In seinem Aufsatz beantwortet Max Frisch (1911-1991) die Frage, was Höflichkeit ist. Er verarbeitet dabei Tagebucheintragungen der Nachkriegszeit. Er gibt seine Erfahrungen dieser Zeit wieder und ruft durch seinen Text die Menschen zu mehr Höflichkeit auf, die aufgrund der herrschenden Verhältnisse in Deutschland etwas zurückgeblieben war.
Frisch beschreibt antithetisch zu seinem Thema die Wirkung von purer Ehrlichkeit auf den anderen bei einer Meinungsverschiedenheit. Er zeigt auf, daß Ehrlichkeit eine Tugend ist, jedoch ohne ein "Kostüm" sehr verletzend wirken kann.
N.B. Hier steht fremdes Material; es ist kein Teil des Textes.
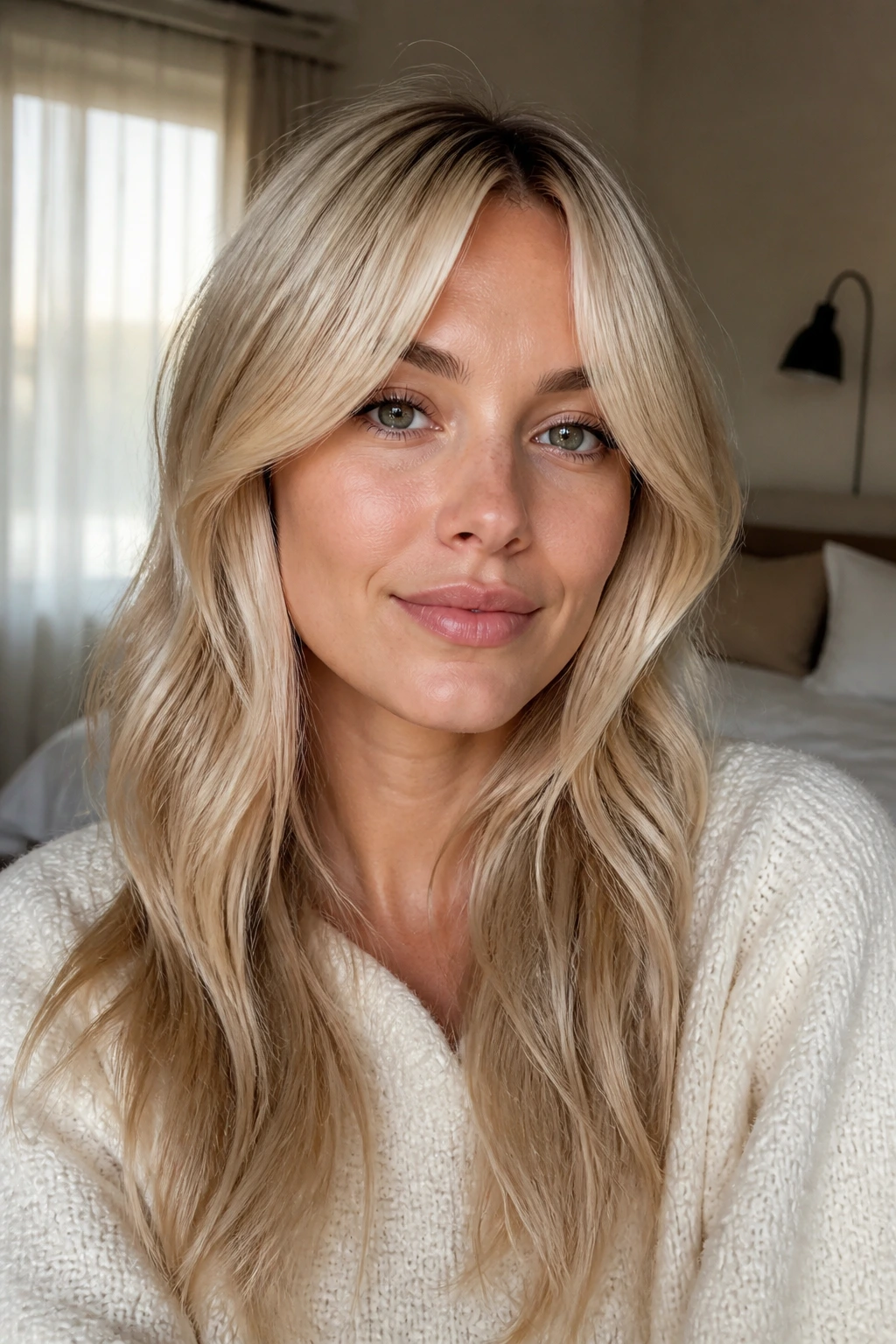 Close-up of a real person with vanilla cream curtain bangs framing the face in soft window light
Mit einem Beispiel untermauert er, daß sowohl Wahrhaftigkeit, als auch Lüge (Schmeichelei) gemeinsam haben, nur eine Ausrede zu sein, die uns hilft, die Aufgabe loszuwerden. Somit stellt er die Behauptung, Ehrlichkeit sei eine Tugend, in Frage und kommt zu dem Schluß, daß alleinige Wahrhaftigkeit einen Ausschluß aus der Gesellschaft bedeuten kann, sofern man sie nicht in die Höflichkeit kleidet, sondern auf "Kosten der anderen" ausübt. Er widerruft seine Gegenthese und behauptet, daß sich das Höfliche als "Gabe der Weisen" entpuppt. Schlußfolgernd stellt er fest, daß Höflichkeit und Wahrhaftigkeit keine Gegensätze sind, sondern das Höfliche nur eine "Form für das Wahrhaftige" ist. Seiner These zufolge kann nur die auf Höflichkeit basierende Wahrhaftigkeit in der Gesellschaft bestehen.
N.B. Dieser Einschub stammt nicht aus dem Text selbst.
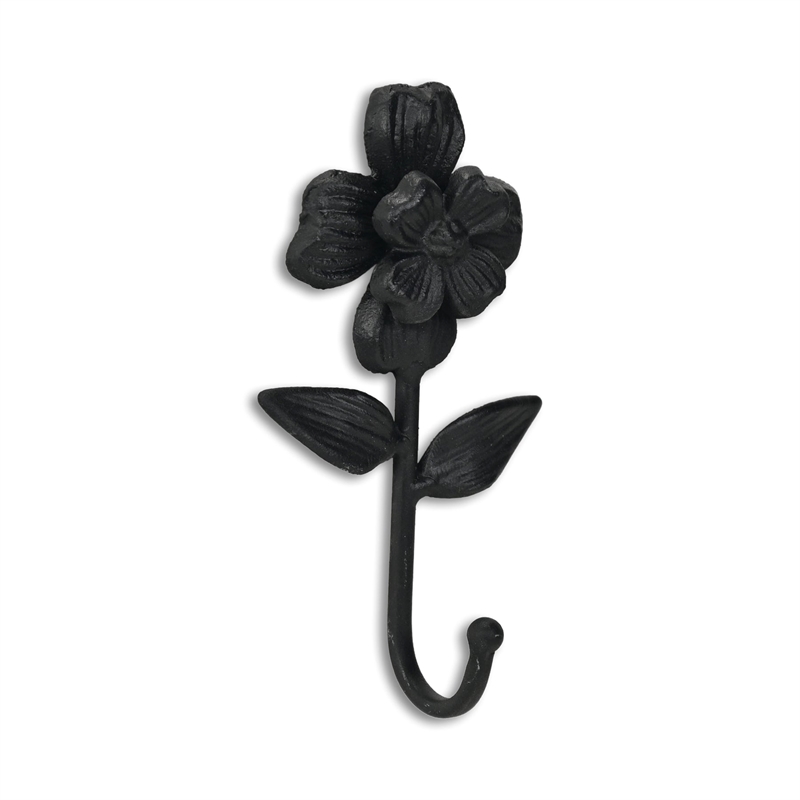 Mythra Black Flower Cast Iron Wall Hook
Wichtig ist jedoch zu erwähnen, daß Frisch die Höflichkeit nicht als ein Regelwerk, sondern als eine innere Einstellung des Menschen definiert, die nicht immer vorhanden ist.. Es scheint ihm dabei wesentlich, festzustellen, wie sich Worte oder Handlungen auf den anderen auswirken. Über Beispiele kommt er zu dem Schluß, daß man als höflich diejenige Art von Verhalten bezeichnen kann, bei dem man an den anderen zuerst denkt.. Weiterhin äußert er sich über Floskeln, die er als "Faxen" bezeichnet. Diese erfüllen zwar nicht seine Höflichkeitsdefinition und werden nur aufgrund ihrer Tradition verwendet, sondern sollen uns daran erinnern, daß Höflichkeit an sich keine Geste, sondern eine lebendige Tat ist. Über ein Beispiel verdeutlicht er, wie Höflichkeit wirkt: Sie dient dazu, der nackten und harten Wahrheit eine "liebevolle Form" zu geben.
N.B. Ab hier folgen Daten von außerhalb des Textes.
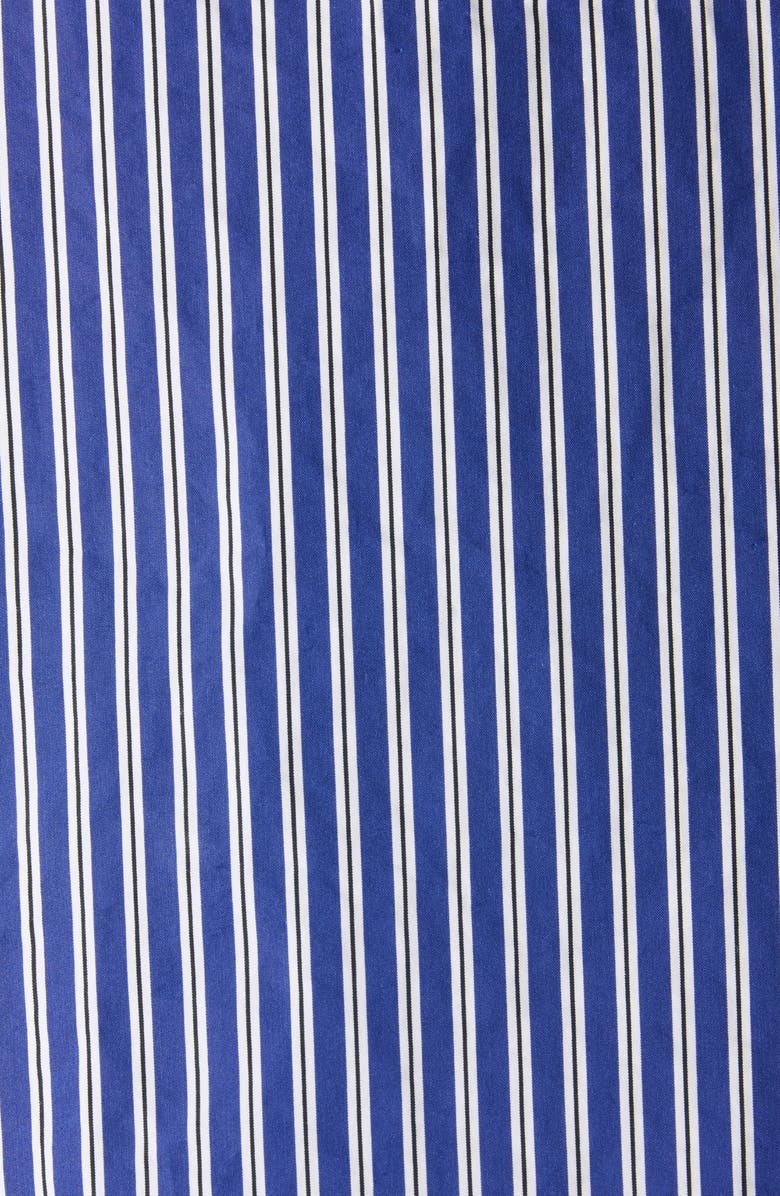 Balenciaga Oversize Stripe Cotton Blend Button-Up Shirt, Alternate, color, Navy/ White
Meiner Meinung nach hat Max Frisch die Rolle der Höflichkeit sehr gut definiert. Er beschreibt in einem Sprachstil, der auch Otto-Normalbürger anspricht, die Art der Meinungsäußerung und benennt dann wie ein Philosoph seine These: "Gesellschaft kann allein auf der Höflichkeit bestehen". Er hat mit seiner Höflichkeitsdefinition recht, indem er die Höflichkeit als Form für das Wahrhaftige ansieht. Ich kann Frisch nur bestätigen, daß Lüge nicht Höflichkeit sei, denn sie hilft nicht. Er zeigt somit eine Lebensphilosophie auf und stellt sich klar gegen falsche Höflichkeit, die Schmeichelei. Während er mit Beispielen seine These anschaulich untermauert, spricht er jeden an und versucht, ihm den Begriff Höflichkeit klar und deutlich näherzubringen. Ich denke, daß es ihm gut gelungen ist. Selbst nach 50 Jahren hat dieser Text nichts an Aktualität verloren, da sich einige Menschen besonders sozial Tiefergestellten unhöflich verhalten. Trotz alledem gehört zu einem Leben in der Gesellschaft mehr als Höflichkeit. Max Frisch geht zu sehr auf die, wenn auch große, Rolle der Höflichkeit ein und vernachlässigt dabei andere Themen wie Vertrauen und Freundschaft, die für eine ideale Gesellschaft genauso Voraussetzung sind wie die Höflichkeit.